CBI boosts GDP forecasts after growth shock
THE UK ECONOMY will stay flat overall through 2012, the Confederation of British Industry (CBI) forecasted today, upping its outlook based on better-than-expected GDP data out last week.
The UK economy will be in roughly the same position it was at the end of 2011, overall through 2012, according to CBI forecasts out today, up from the minus 0.3 per cent predicted at the beginning of August.
This improvement in its forecast is down to the better-than-expected GDP growth of one per cent seen in the third quarter, the prominent business lobby said, otherwise the economy is still subject to most of the same pressures it was subject to earlier in the year.
Other than the improvement to a flat overall prediction, the forecasts won’t make particularly pleasant reading for chancellor George Osborne: the government won’t manage to shrink its consumption at all in 2012, instead increasing it 2.1 per cent, while manufacturing output will have shrunk one per cent and exports will have inched down 0.1 per cent.

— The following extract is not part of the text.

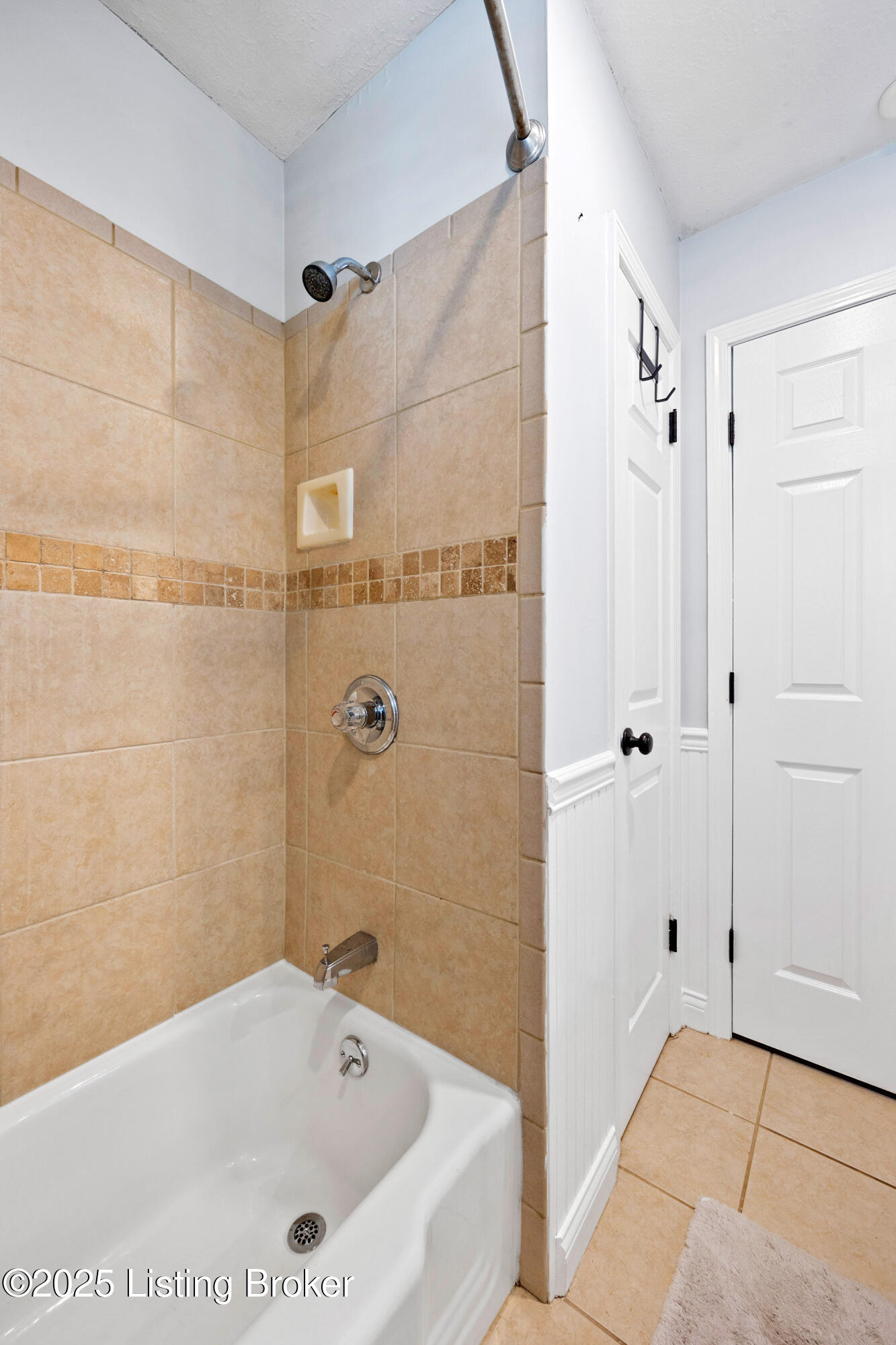 7513 Merlyn Cir, Louisville, Pennsylvania image 17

And it will take a long time for the economy to fully right itself, the CBI says. Growth will be just 1.4 per cent in 2013, and still under trend at two per cent in 2014. Unemployment will stay at 7.9 per cent through 2013, only dropping 0.2 percentage points into 2014. And the government will still spend £102.2bn more than it takes in taxes in 2014 – equivalent to six per cent of GDP.